Si lasciarono dietro denaro e gioielli sparsi sul pavimento e un trolley con 90mila euro in contanti e tante impronte digitali. Le lasciarono su una sacca con gli attrezzi da scasso, su altre quattro vuote che sarebbero dovute servite per svuotare le restanti cassette di sicurezza e, infine, su un secchio pieno di urine che i quattro utilizzarono durante la loro permanenza in banca in uno spazio delimitato con l’intento – l’hanno accertato le indagini – di evitare di innescare il sistema di allarme. Questo materiale è finito nei laboratori della polizia Scientifica di Roma. La verifica delle impronte digitali lasciate ma anche delle tracce biologiche come capelli, peli e frammenti di pelle è servita alla Procura di Lecce per chiedere l’arresto dei quattro. L’esame del materiale rinvenuto a Romano al termine della perquisizione domiciliare effettuata a Formia ai danni di Romano potrebbe chiarire molti aspetti di una vicenda che ricorda molto una saga cinematografica. Le indagini iniziarono con il sequestro e l’esame da parte della Polizia scientifica degli arnesi da scasso, abbandonati dai ladri sul posto per darsi alla fuga. Su quegli arnesi vennero rinvenute tracce di Dna sufficienti a una comparazione, poi effettuata, che ha permesso di riscontrare “la piena rispondenza con quello di Piero Fiore, di addebitare precise responsabilità penali in ordine al reato di furto pluriaggravato in concorso”
A fare il resto fu il contenuto degli impianti di videosorveglianza della zona di piazza Sant’Oronzo. Vennero individuati tre mezzi – un Doblò Fiat, una Peugeot 1007 e una Fiat Punto bianca – che proprio nei giorni precedenti il furto, percorsero più volte le strade di quel quartiere, sempre una dietro l’altra, “in fila indiana”: si trattava di vetture intestate a una società campana e a familiari di due degli arrestati di martedì, Fiore e Romano, entrambi risultati poi pregiudicati, sempre per furto.
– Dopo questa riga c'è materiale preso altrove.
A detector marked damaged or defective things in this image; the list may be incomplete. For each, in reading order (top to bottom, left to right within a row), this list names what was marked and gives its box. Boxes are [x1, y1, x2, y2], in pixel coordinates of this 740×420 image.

Gli inquirenti indagarono monitorando i profili social dei malviventi. Alcuni rispondevano a quello di persone con ottime conoscenze in fatto di allarmi. Ma i banditi come riuscirono ad eludere allarmi, porte blindate, accessi regolati a orario? Secondo la pm Vallefuoco uno o più malviventi il venerdì, prima dell’orario di chiusura dell’agenzia, sono riusciti ad aver accesso all’area caveau e a rimanervi chiusi all’interno, proprio nell’area preziosi. Ad avvalorare questa ipotesi la presenza, all’interno del caveau, di un armadio metallico, quasi vuoto e abbastanza grande da contenere all’interno una persona di media altezza.
Romano, difeso dall’avvocato Pasquale Di Gabriele, mercoledì sarà sottoposto presso il carcere di Cassino all’ interrogatorio di garanzia da remoto Davanti Gip presso il Tribunale di Lecce Simona Panzera che ha emesso la ordinanza custodiale. L’avvocato Di Gabriele ha davanti un compendio probatorio complesso e di natura tecnica, ma la prova regina che concerne il rinvenimento di materiale biologico sul teatro dell’evento non riguarda il mio assistito” – ha tenuto ad anticipare l’avvocato Di Gabriele.